• About this exercise:
Nothing but an exact copy is asked for: the lines in the material below from the one with "Free Download Colorful" through the one with "HARBOR BLUES SAILBOAT", pictures excluded.

(Given data Opens)

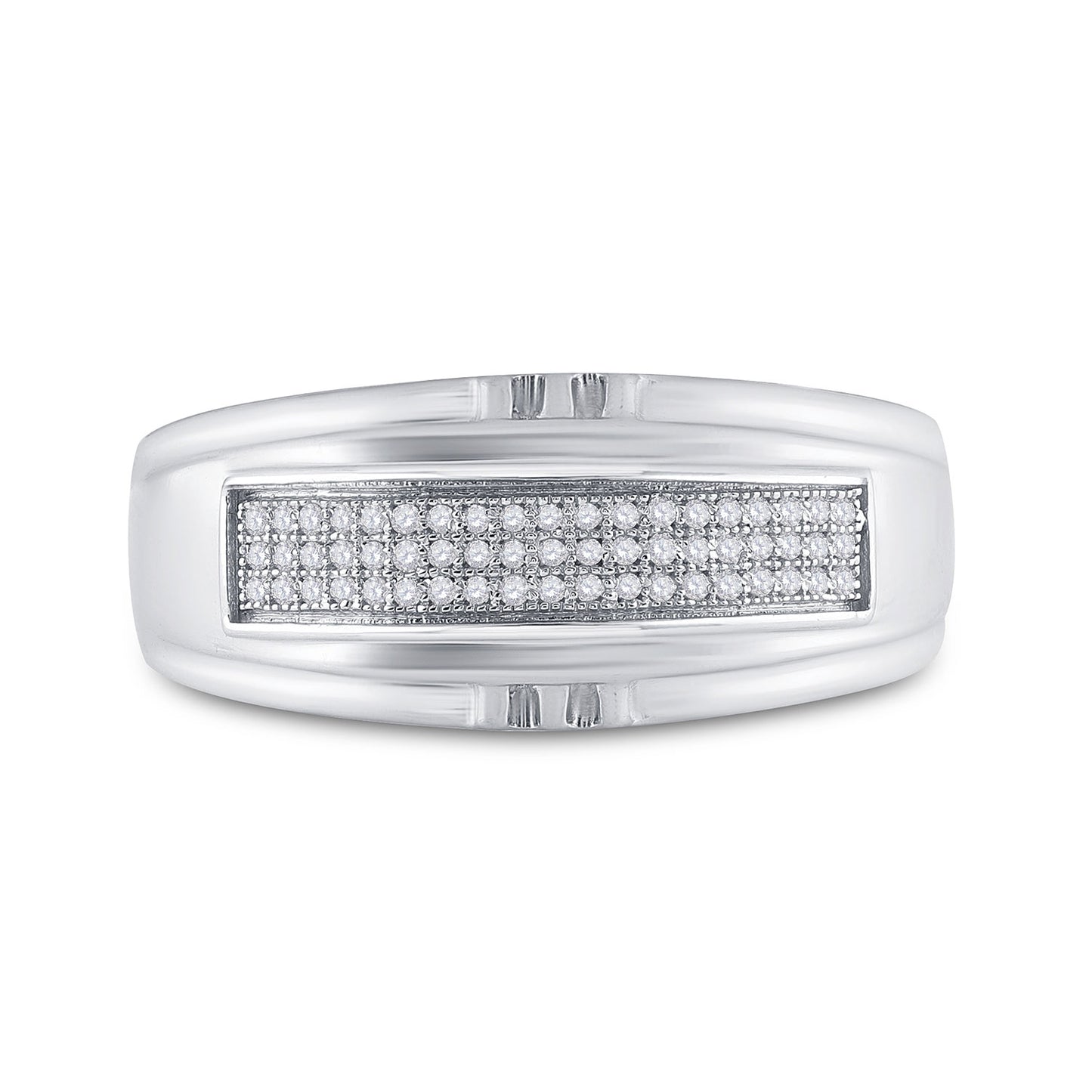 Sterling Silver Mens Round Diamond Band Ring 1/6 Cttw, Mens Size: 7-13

(Given data Closes)
(Given data Opens)

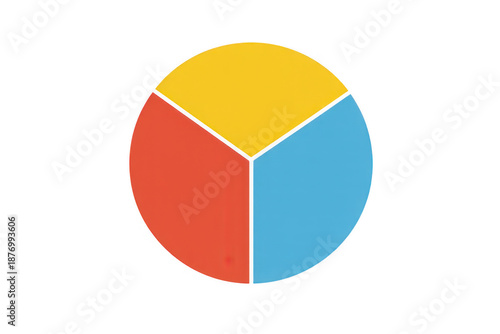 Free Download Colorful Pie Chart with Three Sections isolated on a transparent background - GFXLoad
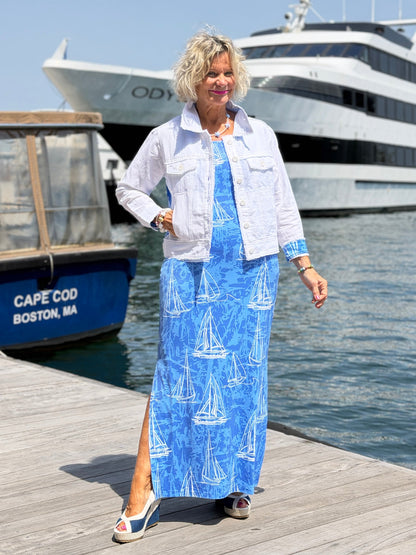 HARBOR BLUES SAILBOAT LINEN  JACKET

(Given data Closes)
(Given data Opens)

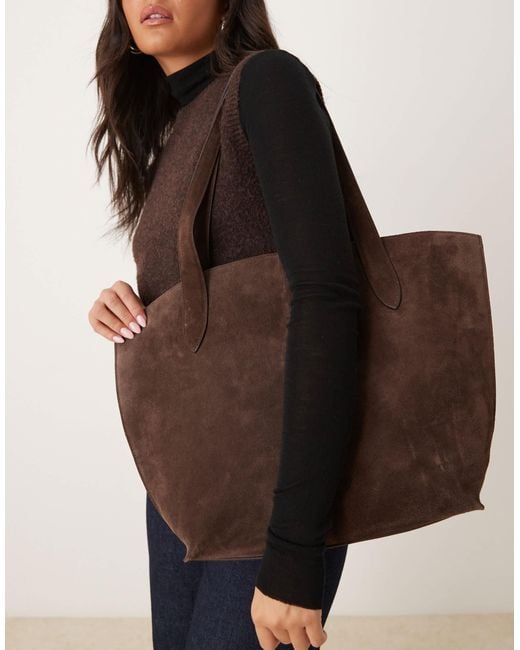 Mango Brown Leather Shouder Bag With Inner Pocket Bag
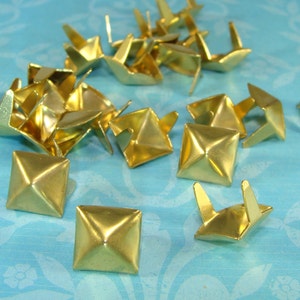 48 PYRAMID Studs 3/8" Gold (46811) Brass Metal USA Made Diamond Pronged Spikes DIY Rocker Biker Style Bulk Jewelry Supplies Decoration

(Given data Closes)

• Result:
 Free Download Colorful Pie Chart with Three Sections isolated on a transparent background - GFXLoad
 HARBOR BLUES SAILBOAT LINEN  JACKET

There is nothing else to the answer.